Interestingly, within the food and drink space, it’s novice cooks and culinary enthusiasts leading the charge. According to Greenpark’s latest data, among AI users searching for recipes, 74% turn to ChatGPT, while 52% use Gemini. Dedicated cooking tools are also gaining traction: ChefGPT grabs 36% of searches, followed by Mr Cook and SuperCook at 28% each.
In addition to pure convenience, these tools help people learn, experiment and fall in love with cooking, meaning the brands that show up here are connecting with people who really care about food.
That growing reliance on AI-driven answers introduces a competition centred less on ranking positions and more about how your brand is interpreted by LLMs that inform the customer how they should feel about you.
The rise of algorithmic sentiment
Which brings us to the tricky bit of getting in front of these customers to begin with: influencing algorithmic sentiment.
Before you start panicking, no AI doesn’t have feelings, and we aren’t all trapped inside a Matrix style simulation.
“Sentiment” is how an LLM interprets and communicates trust, reputation and tone signals across your digital footprint. Product reviews, forums, social posts, your website, all of it counts.

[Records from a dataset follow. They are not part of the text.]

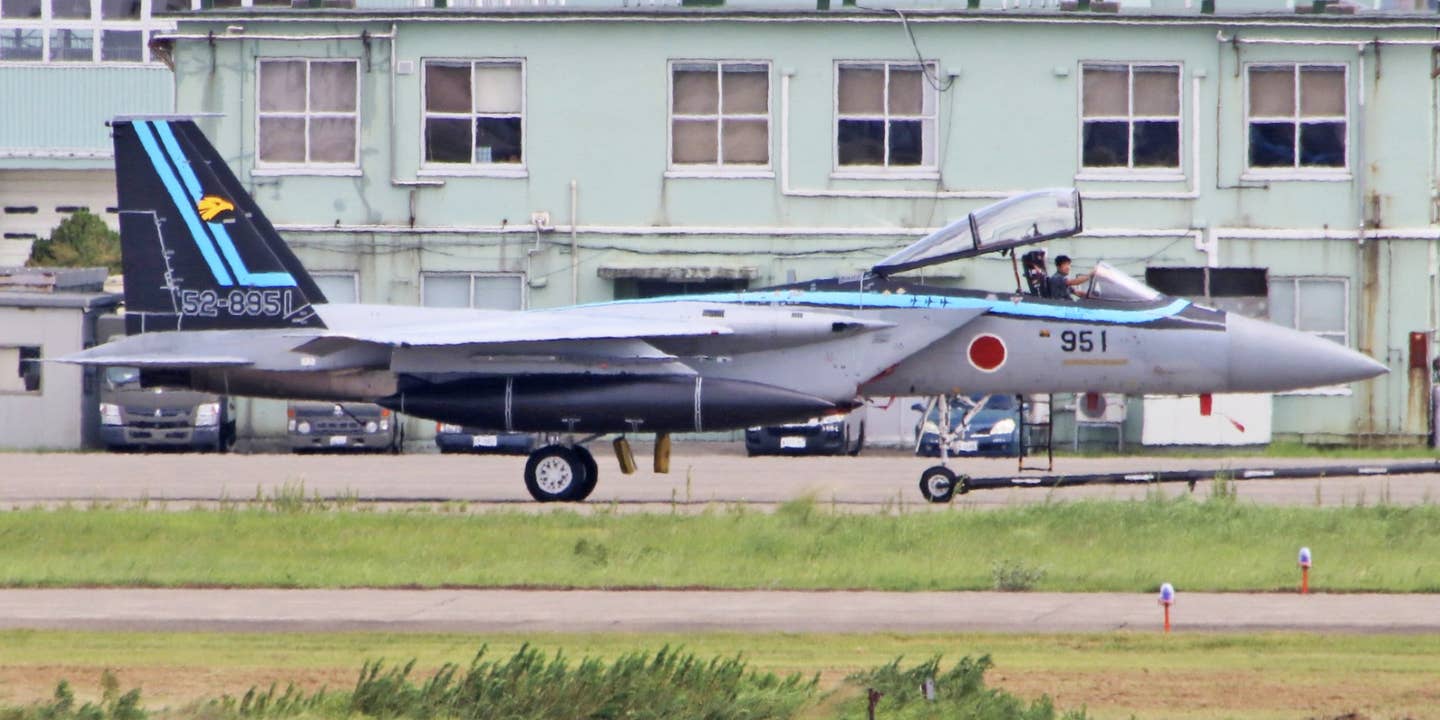 JASDF_F-15J_MAVERICK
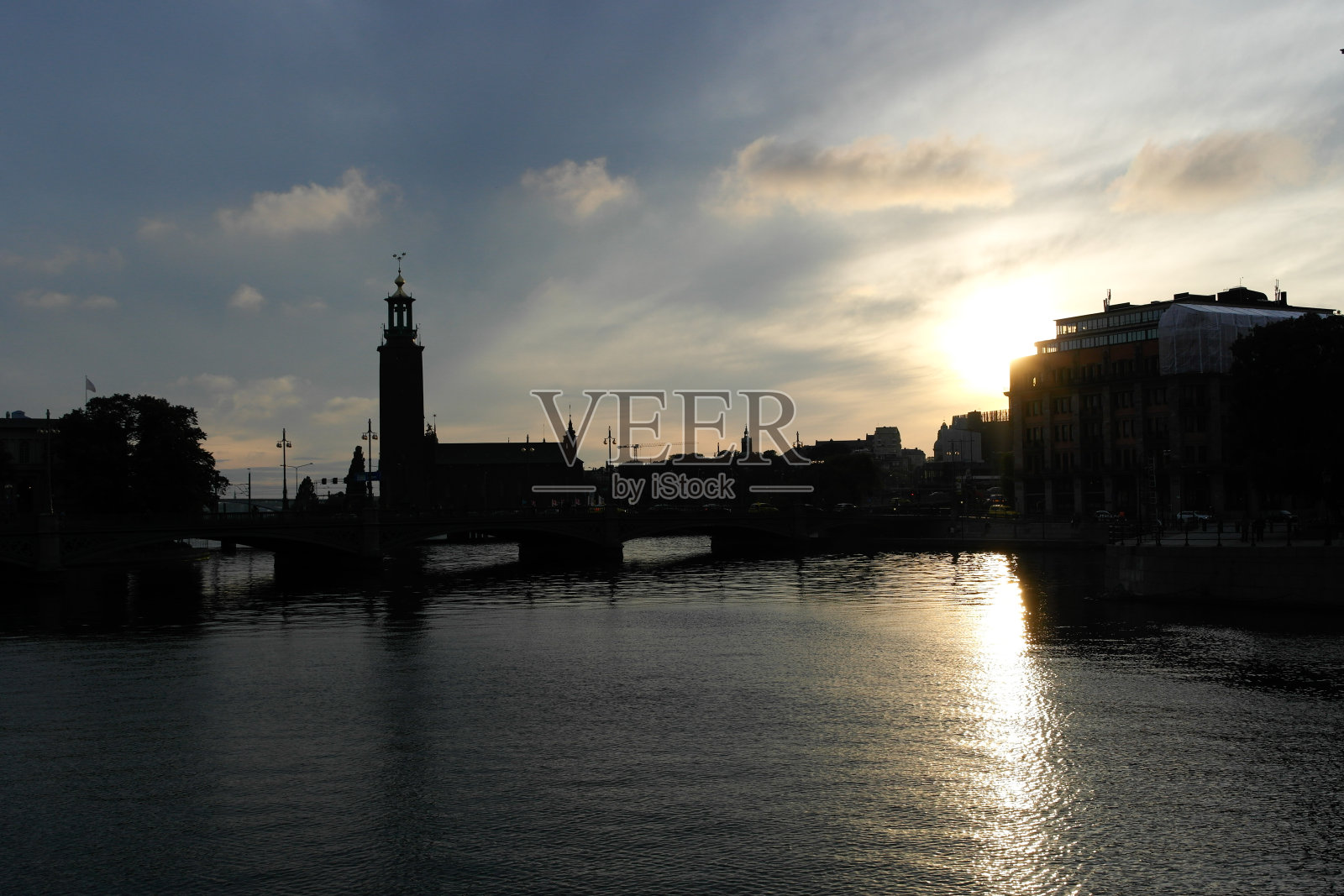 在多云的天空下，海滨的建筑物照片摄影图片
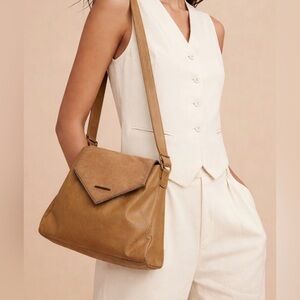 Matt & Nat Tan Shoulder Bag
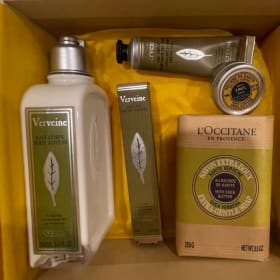 L'Occitane en Provence Gift Set item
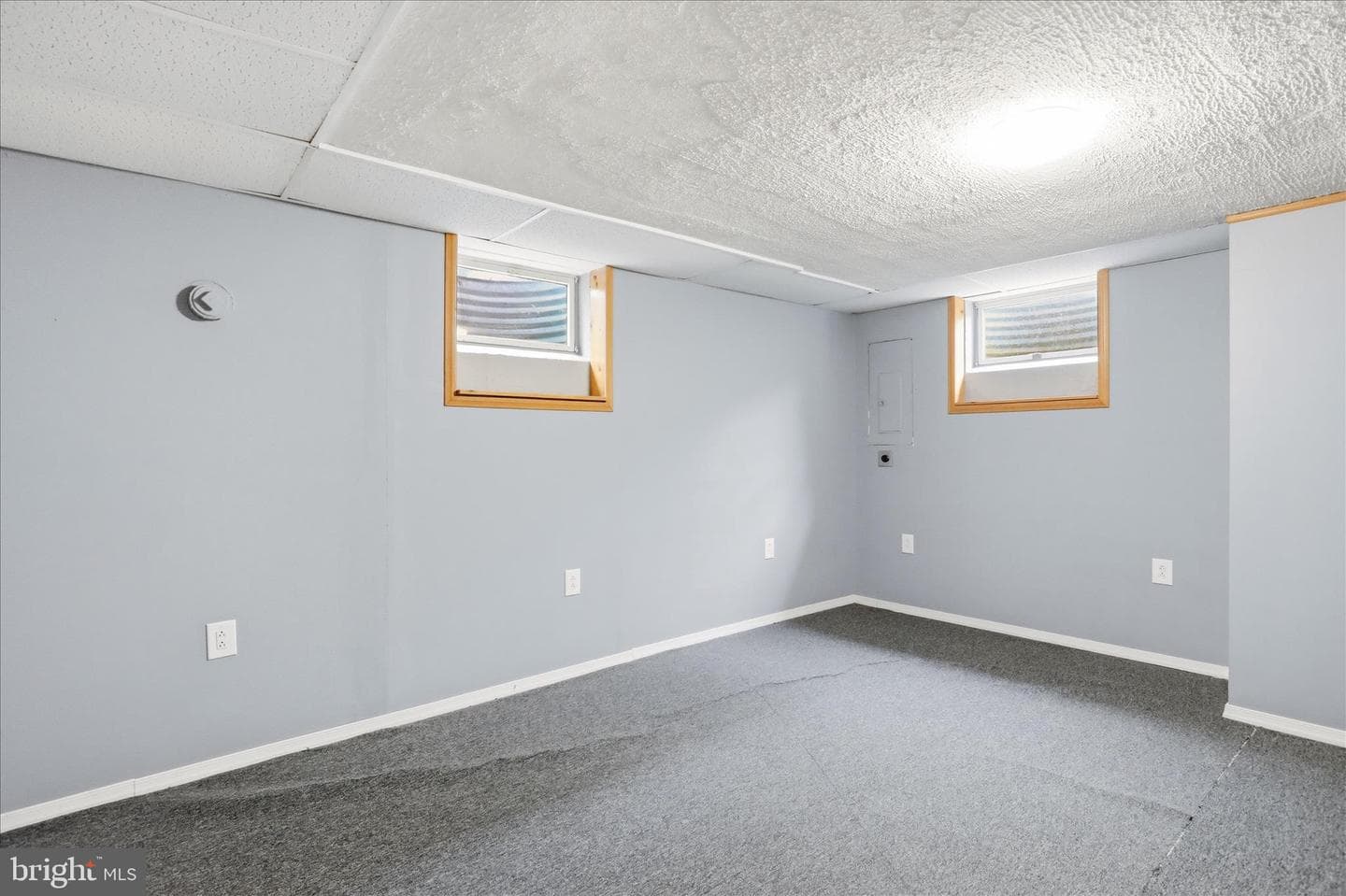 482 Starr Avenue photo 32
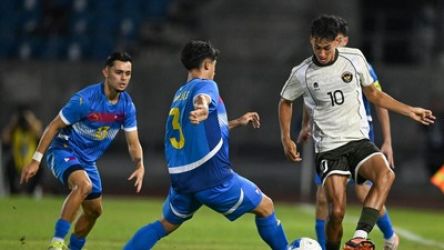 Laga Garuda Muda (kaos putih) vs Filipina. Foto : Ist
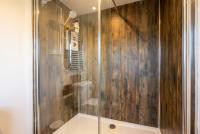 Quiet Guest Wing in Kingstone, Private Entrance & Parking - Ferienwohnung Kingstone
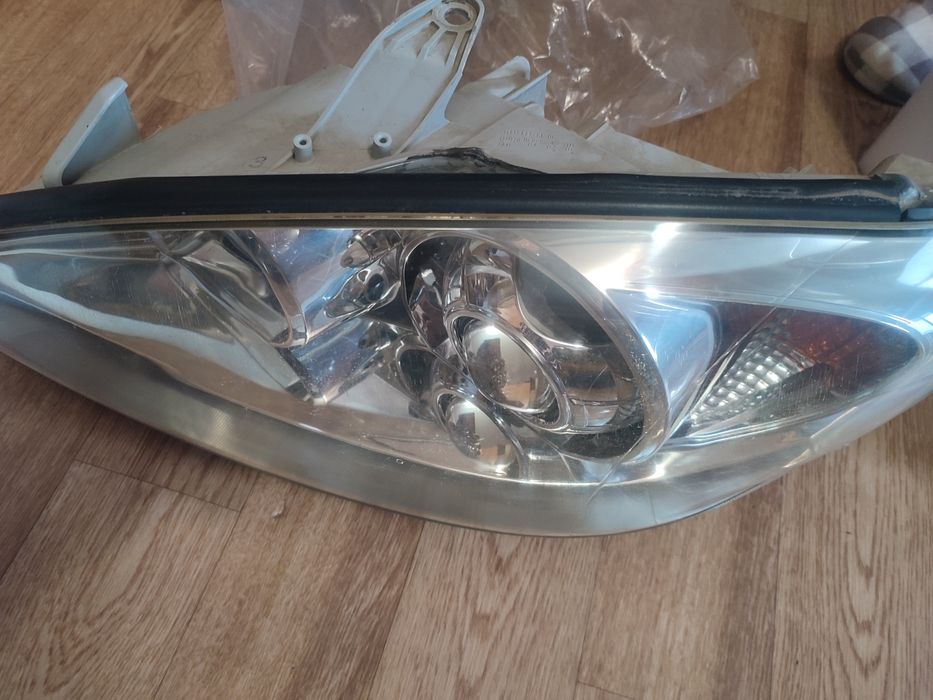 Продам фары на Toyota Camry 30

And the story AI tells off the back of all this becomes the default answers for queries like “which chocolate brand is best for baking?” The model is making a judgement call based on the consistency and depth of information it has available. Which means that if your presence across the web is patchy or contradictory, you’re far less likely to feature.
This is where food and drink brands can end up working against themselves without realising it. Inconsistent product descriptions across retailers, outdated ingredient information, missing nutritional data or poorly managed reviews all create friction for an LLM trying to understand who you are and what you offer. Over time, that weakens the confidence it has in presenting your brand as an answer.
Once you see it through that lens, the next step becomes less about quick wins and more about operational alignment.
So, what can brands do to make sure AI “likes” them?
First, it’s all hands on deck. SEO teams may lead, but everyone has a part to play: customer service must stay on top of reviews, merchandising and ecommerce teams need accurate product data and marketing should make sure messaging is consistent everywhere.
Fragmented digital footprints get penalised, simple as that.
Here’s the kicker: smaller brands have a shot at outsmarting the big guns. Traditional search has often favoured those with the biggest budgets and the strongest backlink profiles. But by focusing on consistency and highlighting unique strengths such as sustainability, ethical sourcing and interesting flavours, smaller businesses can stand out in LLM search.
Invest now, shape your narrative and you get the first mover advantage, owning the story for AI-powered discovery before competitors even know what LLM stands for. If you can establish a strong, coherent narrative early, it has a habit of compounding as models continue to learn from the same signals.
Gone is the pre-historic view that LLM “is just another channel”. It’s actively shaping how people discover, evaluate and fall in love with food and drink brands now.
Those brands that make it easy for AI to understand them by making information accurate, consistent and clear across their different digital touchpoints will be the ones remembered, trusted and chosen.
On the other hand, those that fight back against LLM search risk ceding control of their brand narrative to their competitors and a hefty portion of the $24.92 billion market that LLM search is predicted to grow to by 2031.